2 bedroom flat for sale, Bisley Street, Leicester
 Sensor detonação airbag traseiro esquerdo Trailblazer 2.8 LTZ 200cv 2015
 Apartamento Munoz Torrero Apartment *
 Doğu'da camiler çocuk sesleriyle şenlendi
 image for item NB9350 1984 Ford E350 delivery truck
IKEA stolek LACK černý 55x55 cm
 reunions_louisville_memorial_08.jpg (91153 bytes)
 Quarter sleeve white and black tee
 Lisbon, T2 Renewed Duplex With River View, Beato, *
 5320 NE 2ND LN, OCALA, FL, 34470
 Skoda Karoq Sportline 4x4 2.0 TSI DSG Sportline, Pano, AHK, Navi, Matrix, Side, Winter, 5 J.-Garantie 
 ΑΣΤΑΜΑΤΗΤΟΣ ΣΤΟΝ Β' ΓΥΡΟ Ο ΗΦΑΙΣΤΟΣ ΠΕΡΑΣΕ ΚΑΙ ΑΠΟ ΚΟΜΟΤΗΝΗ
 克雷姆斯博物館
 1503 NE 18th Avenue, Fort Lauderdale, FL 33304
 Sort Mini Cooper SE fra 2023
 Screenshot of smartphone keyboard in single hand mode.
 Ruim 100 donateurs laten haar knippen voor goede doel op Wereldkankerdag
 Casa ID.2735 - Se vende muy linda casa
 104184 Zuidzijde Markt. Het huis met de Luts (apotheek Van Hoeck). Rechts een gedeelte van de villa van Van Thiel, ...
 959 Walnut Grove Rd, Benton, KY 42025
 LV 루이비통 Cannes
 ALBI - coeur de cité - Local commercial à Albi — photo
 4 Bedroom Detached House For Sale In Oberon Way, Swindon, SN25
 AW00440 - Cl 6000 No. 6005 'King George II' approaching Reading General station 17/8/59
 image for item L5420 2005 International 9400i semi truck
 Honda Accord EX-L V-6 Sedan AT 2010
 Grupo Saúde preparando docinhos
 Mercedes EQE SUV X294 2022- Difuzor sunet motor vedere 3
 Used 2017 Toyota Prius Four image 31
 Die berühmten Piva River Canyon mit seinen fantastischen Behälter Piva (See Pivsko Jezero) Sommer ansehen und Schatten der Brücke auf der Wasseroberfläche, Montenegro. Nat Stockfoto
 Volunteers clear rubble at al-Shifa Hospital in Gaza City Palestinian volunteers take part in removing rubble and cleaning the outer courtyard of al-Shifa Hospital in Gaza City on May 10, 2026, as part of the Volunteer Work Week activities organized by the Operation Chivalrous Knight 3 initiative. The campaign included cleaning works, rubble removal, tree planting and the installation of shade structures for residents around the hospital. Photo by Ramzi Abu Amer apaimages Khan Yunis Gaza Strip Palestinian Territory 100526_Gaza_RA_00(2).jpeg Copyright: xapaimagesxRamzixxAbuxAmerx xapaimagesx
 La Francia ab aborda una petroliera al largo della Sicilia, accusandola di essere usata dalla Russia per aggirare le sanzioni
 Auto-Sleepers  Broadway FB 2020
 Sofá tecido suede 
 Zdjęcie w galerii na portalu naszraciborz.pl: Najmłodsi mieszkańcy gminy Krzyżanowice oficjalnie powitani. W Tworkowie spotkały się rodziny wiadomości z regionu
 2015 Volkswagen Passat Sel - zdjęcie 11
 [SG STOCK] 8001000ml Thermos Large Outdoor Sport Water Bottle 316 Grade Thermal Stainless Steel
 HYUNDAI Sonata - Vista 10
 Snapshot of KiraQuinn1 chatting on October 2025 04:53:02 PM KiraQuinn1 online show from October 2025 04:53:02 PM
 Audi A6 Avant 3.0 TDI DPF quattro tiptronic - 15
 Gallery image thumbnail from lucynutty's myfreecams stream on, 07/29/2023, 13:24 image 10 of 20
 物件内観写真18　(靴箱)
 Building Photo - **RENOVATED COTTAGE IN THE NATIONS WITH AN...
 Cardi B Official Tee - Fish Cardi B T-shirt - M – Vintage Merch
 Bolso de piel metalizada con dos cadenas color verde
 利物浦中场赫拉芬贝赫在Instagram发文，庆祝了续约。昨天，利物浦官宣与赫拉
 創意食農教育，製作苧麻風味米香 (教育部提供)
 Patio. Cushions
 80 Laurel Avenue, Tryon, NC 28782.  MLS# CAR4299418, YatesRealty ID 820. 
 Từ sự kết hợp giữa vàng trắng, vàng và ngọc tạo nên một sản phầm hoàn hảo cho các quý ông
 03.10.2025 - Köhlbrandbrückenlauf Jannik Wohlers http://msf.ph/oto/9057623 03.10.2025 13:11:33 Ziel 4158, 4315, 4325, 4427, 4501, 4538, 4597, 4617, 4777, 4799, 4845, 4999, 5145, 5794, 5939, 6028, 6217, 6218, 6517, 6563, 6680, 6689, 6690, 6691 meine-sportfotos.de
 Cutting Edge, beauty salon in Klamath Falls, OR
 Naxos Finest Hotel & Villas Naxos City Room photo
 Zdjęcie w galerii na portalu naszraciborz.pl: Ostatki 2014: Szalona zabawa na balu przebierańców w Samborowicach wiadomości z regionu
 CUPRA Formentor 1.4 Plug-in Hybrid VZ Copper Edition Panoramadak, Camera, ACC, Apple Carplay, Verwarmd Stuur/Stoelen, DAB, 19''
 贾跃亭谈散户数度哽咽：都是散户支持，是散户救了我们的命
- - -
*Assignment*: Print the records above verbatim from their first line to the line containing "Used 2017 Toyota Prius Four image 31", both included, and stop there.

*Expected output*:
2 bedroom flat for sale, Bisley Street, Leicester
 Sensor detonação airbag traseiro esquerdo Trailblazer 2.8 LTZ 200cv 2015
 Apartamento Munoz Torrero Apartment *
 Doğu'da camiler çocuk sesleriyle şenlendi
 image for item NB9350 1984 Ford E350 delivery truck
IKEA stolek LACK černý 55x55 cm
 reunions_louisville_memorial_08.jpg (91153 bytes)
 Quarter sleeve white and black tee
 Lisbon, T2 Renewed Duplex With River View, Beato, *
 5320 NE 2ND LN, OCALA, FL, 34470
 Skoda Karoq Sportline 4x4 2.0 TSI DSG Sportline, Pano, AHK, Navi, Matrix, Side, Winter, 5 J.-Garantie 
 ΑΣΤΑΜΑΤΗΤΟΣ ΣΤΟΝ Β' ΓΥΡΟ Ο ΗΦΑΙΣΤΟΣ ΠΕΡΑΣΕ ΚΑΙ ΑΠΟ ΚΟΜΟΤΗΝΗ
 克雷姆斯博物館
 1503 NE 18th Avenue, Fort Lauderdale, FL 33304
 Sort Mini Cooper SE fra 2023
 Screenshot of smartphone keyboard in single hand mode.
 Ruim 100 donateurs laten haar knippen voor goede doel op Wereldkankerdag
 Casa ID.2735 - Se vende muy linda casa
 104184 Zuidzijde Markt. Het huis met de Luts (apotheek Van Hoeck). Rechts een gedeelte van de villa van Van Thiel, ...
 959 Walnut Grove Rd, Benton, KY 42025
 LV 루이비통 Cannes
 ALBI - coeur de cité - Local commercial à Albi — photo
 4 Bedroom Detached House For Sale In Oberon Way, Swindon, SN25
 AW00440 - Cl 6000 No. 6005 'King George II' approaching Reading General station 17/8/59
 image for item L5420 2005 International 9400i semi truck
 Honda Accord EX-L V-6 Sedan AT 2010
 Grupo Saúde preparando docinhos
 Mercedes EQE SUV X294 2022- Difuzor sunet motor vedere 3
 Used 2017 Toyota Prius Four image 31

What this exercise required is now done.